Start of Block

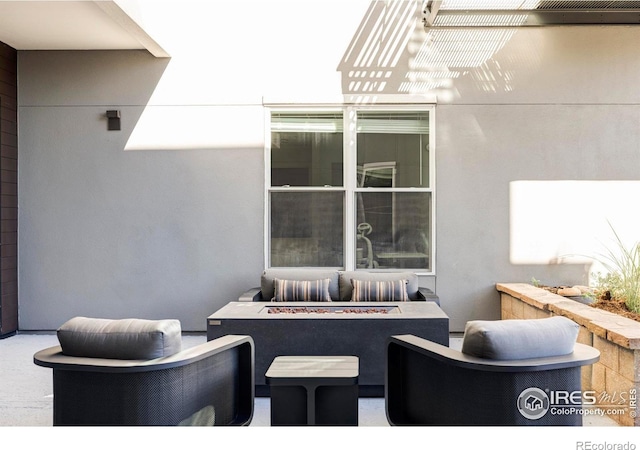 view of patio with an outdoor living space with a fire pit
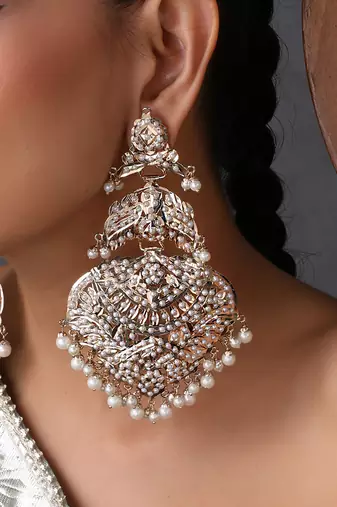 Gold plated white jadau dangler earrings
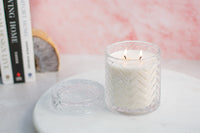 Chevron embossed lit unscented candle on marble surface with home books in background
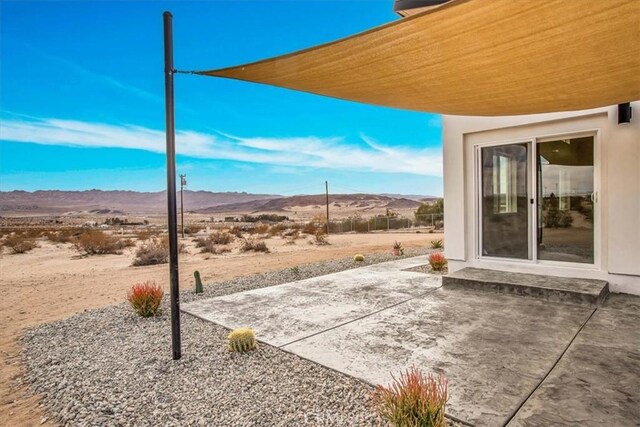 view of patio with a mountain view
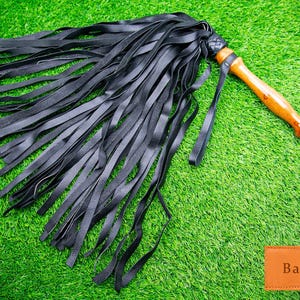 Puede incluir: Un flagelador de cuero negro con un mango de madera. Las hebras del flagelador son largas y finas, y el mango es de color marrón claro. El flagelador está sobre una superficie verde. La palabra "Bantoro" está en una etiqueta marrón.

End of Block

PROBLEM TO WORK ON: Make an exact copy of the data above, pictures excluded.

RESPONSE BELOW:
 view of patio with an outdoor living space with a fire pit
 Gold plated white jadau dangler earrings
 Chevron embossed lit unscented candle on marble surface with home books in background
 view of patio with a mountain view
 Puede incluir: Un flagelador de cuero negro con un mango de madera. Las hebras del flagelador son largas y finas, y el mango es de color marrón claro. El flagelador está sobre una superficie verde. La palabra "Bantoro" está en una etiqueta marrón.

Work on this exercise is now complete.